Sydney commute cost — the Southern Highlands and South Coast rail service from Wollongong to Sydney Central Station is approximately $7-$10 per trip on the Opal card (the shorter distance than Newcastle provides a significant train fare advantage). A Wollongong-to-Sydney commuter can access Sydney's CBD for approximately $15-$20 per day return, making the commute one of the most cost-efficient of any NSW regional city.

Escarpment lifestyle — the Illawarra escarpment's proximity (the Grand Pacific Drive, the Sea Cliff Bridge, the Royal National Park accessible from the north) provides recreational assets that Sydney suburbs cannot match at equivalent prices. For active outdoor enthusiasts, Wollongong's cost-to-lifestyle ratio is hard to beat.

University economy — the University of Wollongong's student population creates a services economy (cafes, bookshops, fitness, food) that depresses prices in the Gwynneville and Keiraville precincts around campus, benefiting nearby residents who can access student-priced services without student debt.

This article was compiled by AI and screened before publishing. See our editorial standards.

Spread the word

See something wrong? Suggest a correction.

Have your say

Loading comments…

About this article

Published by The Daily Wollongong

This article was produced by the The Daily Wollongong editorial desk and covers finance in Wollongong. See our editorial standards for how we use AI.

The Daily Wollongong brief

The day's Wollongong news in a 2-minute read, every weekday morning. Free.
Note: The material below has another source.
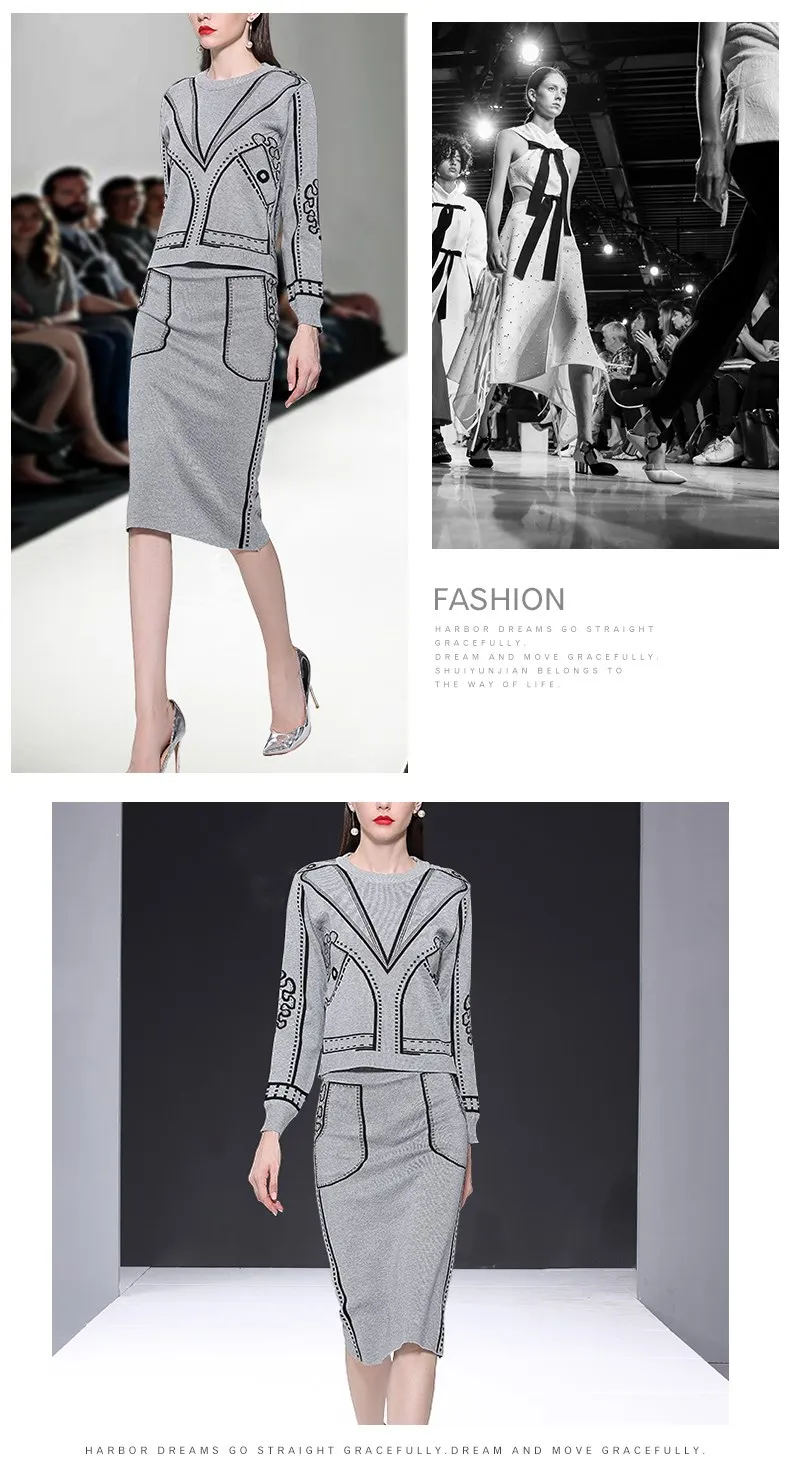 Высококачественный брендовый подиумный женский комплект одежды, вязаный свитер, топы, юбка, костюм, Осень-зима, вязаные вечерние юбки, набор NS124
Join 2,847 locals getting The Daily Wollongong every morning in Wollongong.

By subscribing you agree to receive emails from The Daily Wollongong and accept our Privacy Policy. Unsubscribe anytime.

Daily brief

Enjoyed this? Wake up to Wollongong news every morning.

Free, in your inbox before 7am. Weekdays.

Join 2,847 locals getting The Daily Wollongong every morning in Wollongong.

By subscribing you agree to receive emails from The Daily Wollongong and accept our Privacy Policy. Unsubscribe anytime.

Stay in the loop

Enjoyed this story? Get tomorrow's briefing free.